If the value of the decedent’s estate is over $5 million, the executor should opt out if the benefits of the additional basis step-up are outweighed by the estate tax that would otherwise be due.”

"President Obama’s agreement with the Republicans was a little surprising to all of us,” said Ben Ledyard (left), director of wealth strategies at Silver Bridge, referring to the Obama-GOP compromise on the tax bill. The firm hosted a year-end tax planning call late Wednesday during which Ledyard and Andrew Correia, Silver Bridge's director of finance and taxation, noted that the original expectation was that the Congress would restore the estate tax to where it was in 2009, with a “$3.5 million to $7 million exemption and 45% [top tax] regime.”

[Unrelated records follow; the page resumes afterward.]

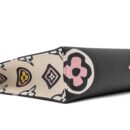 AAA Replica Louis Vuitton LV WILD AT HEART TOILETRY POCHETTE CANVAS BLACK / WHITE/ PINK GHW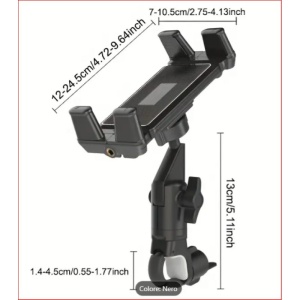 Supporto iPad Tablet SMPro  da cm.4.7 a cm.33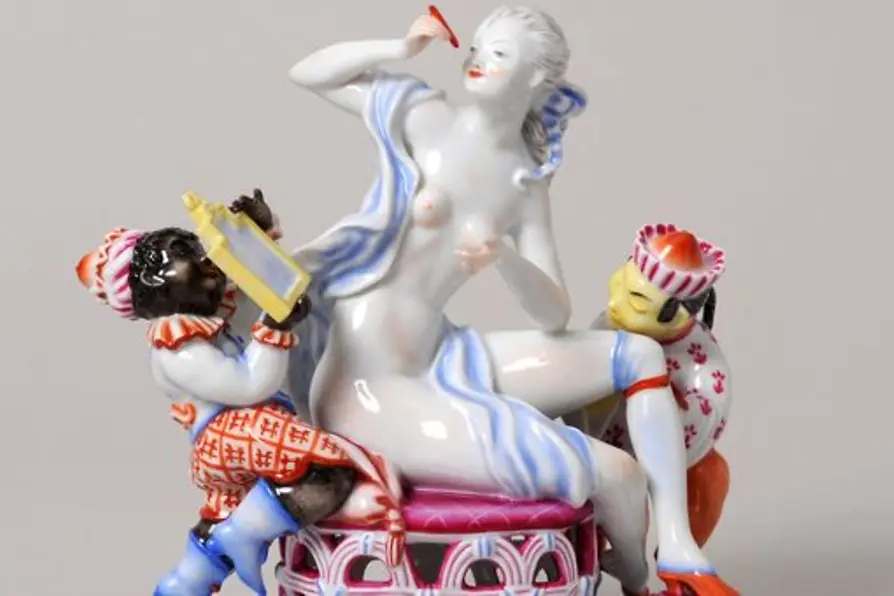 Figur \"Eitelkeit\"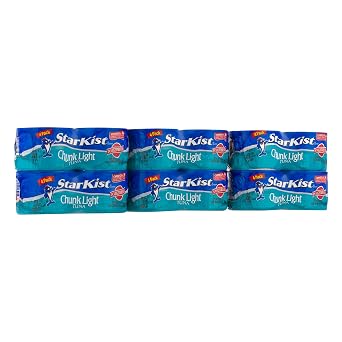 StarKist Chunk Light Tuna in Oil - 5 Ounce (Pack of 12)
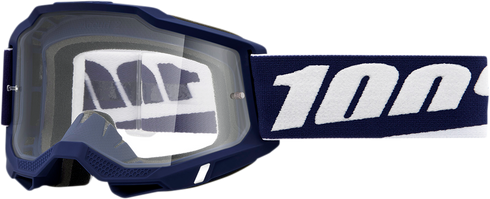 100% Accuri 2 Goggle - Mifflin - Clear Lens 50013-00016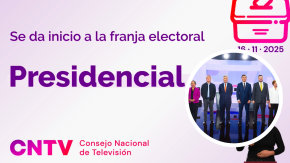 VIDEO | Revisa el primer capítulo de la franja presidencial de las elecciones 2025 VIDEO | Revisa el primer capítulo de la franja presidencial de las elecciones 2025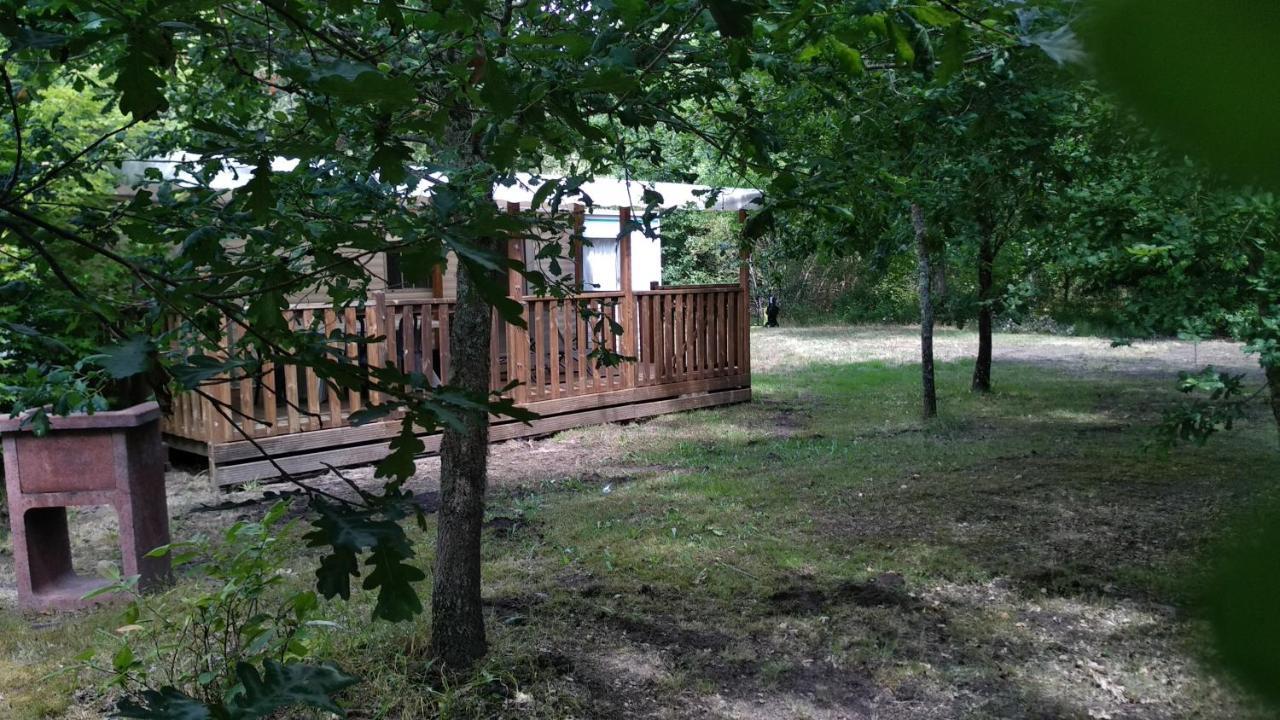 Camping Baradis Commensacq Экстерьер фото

Ledyard walked a reporter through the decision process that heirs of someone who died in 2010 would need to consider. The question is when to retroactively apply the stepped-up basis and $5 million exemption and 35% rate for the 2011 estate tax retroactively, and when to use the carryover basis and capital gains tax that had been the only tax on estates for 2010—since for 2010 there was no “estate” tax. He was asked to apply this to a $5 million gross estate and a $15 million gross estate for the heirs of a person who was married and the first member of the couple to die.

Choices for Heirs to a 2010 Estate

For example, said Ledyard, with the $5 million gross estate from a death in 2010, the heirs would receive  the $5 million (no estate tax) at, say, a "cost basis of zero," and then “pay the capital-gains tax of 15%, or $750,000.”.

Under the bill passed by the House on Thursday, that same $5 million estate, with a $5 million exemption and 35% maximum estate tax rate, would be exempt from the tax, so it would make sense for the heirs to “go back and retroactively re-file or amend the estate-tax return,” and pay no capital gains or estate tax—thereby inheriting the whole $5 million.

For the $15 million estate, under the 2010 rules, at a "cost basis of zero, with the 15% capital gains rate," the estate would have paid about $2.25 million in capital-gains tax.

Under the new 2011 rules (applied retroactively), the estate would "exclude $5 million, and pay the 35% on the other $10 million, a $3.5 million estate tax payment." So heirs to this larger estate would be better off under the capital gain rules of 2010, rather than use the 2011 regime retroactively, Ledyard suggested.

But all of this supposes there was no other estate planning, while in fact there are other steps that could be taken to bring the gross estate amounts down.

For 2011, there are new provisions for arranging gifts to children under new, re-unified rules. Those rules would allow the first $5 million for individuals (and $10 million for married couples) given to children to not be subject to gift tax. Charitable donations are also a way, “from the heart,” as Ledyard puts it, to reduce the size of the estate.

The bottom line may well be that, as Ledyard notes, “the next two years are huge opportunities for clients with more than $10 million” and for the advisors who work with them, to plan for their estates.